What I’m saying is what all these companies are presenting us is a smarter search.

It’s just a tighter grouping of (biased) data that can be searched and retrieved a bit quicker.

If they want to use the term ai, then hell, factory machines from the last century are ai too.

@smooth_tea · 3 months ago

It’s just a tighter grouping of (biased) data that can be searched and retrieved a bit quicker.

How is your intelligence different from being “biased data that can be accessed”?

The fact that something can reason about what it presents to you as information is a form of intelligence. And while this discussion is impossible without defining “reason”, I think we should at least agree that when a machine can explain to you what and why it did what it did, it is a form of reason.

Should we also not define what it means when a person answers a question through reasoning? It’s easy to overestimate the complexity of it because of our personal bias and our ability to fantasize about endless possibilities, but if you break our abilities down, they might be the result of nothing but a large dataset combined with a simple algorithm.

It’s easy to handwave the intelligence of an AI, not because it isn’t intelligent, but because it has no desires, and therefore doesn’t act unless acted upon. It is not easy to jive that concept with the idea that something is alive, which is what we generally require before calling it intelligent.

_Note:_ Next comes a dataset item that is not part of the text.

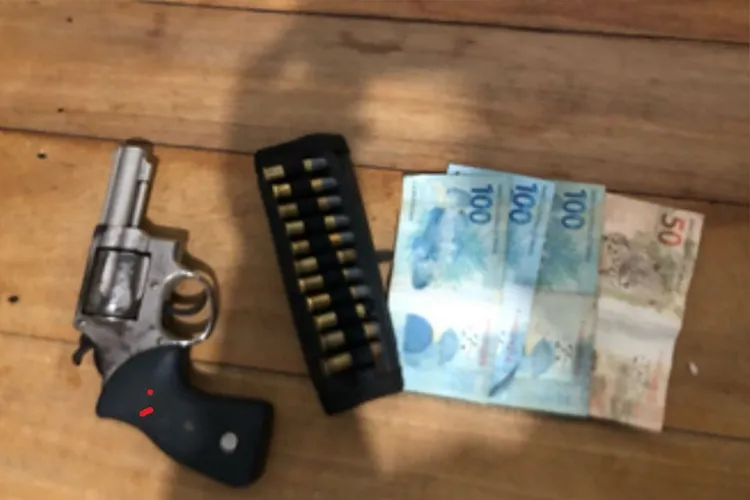 80ª CIPM prende indivíduos com arma de fogo e munições em Ribeirão do Largo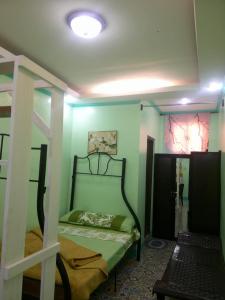 ein Zimmer mit einem Etagenbett in einem Zimmer in der Unterkunft L&N house rental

@[email protected] · 3 months ago

It is AI though. AGI, which is a subcategory of AI and what many people seemingly imagine AI to mean, it’s not—but AI, yes.

SkaveRat · 3 months ago

I hope you complained all these years when games used “AI” for computer controlled enemies, because otherwise your post would be super awkward

@_sideffect · 3 months ago

Lmao, you have no idea what you’re saying.

Keep sucking up to these useless ai companies though, they love it!

SkaveRat · 3 months ago

sure, bud

@bitjunkie · 3 months ago

Something was needed, tradsearch has sucked dick at anything other than finding a wiki article for an extremely broad topic for over a decade. Just make electricity sustainably. 🤷‍♂️

@ZILtoid1991 · 3 months ago

Because it got enshittified, with SEO, ads, etc.

@[email protected] · 3 months ago

I also think, that search algorithms work fine, as long as noone is actively trying to fill your results with trash.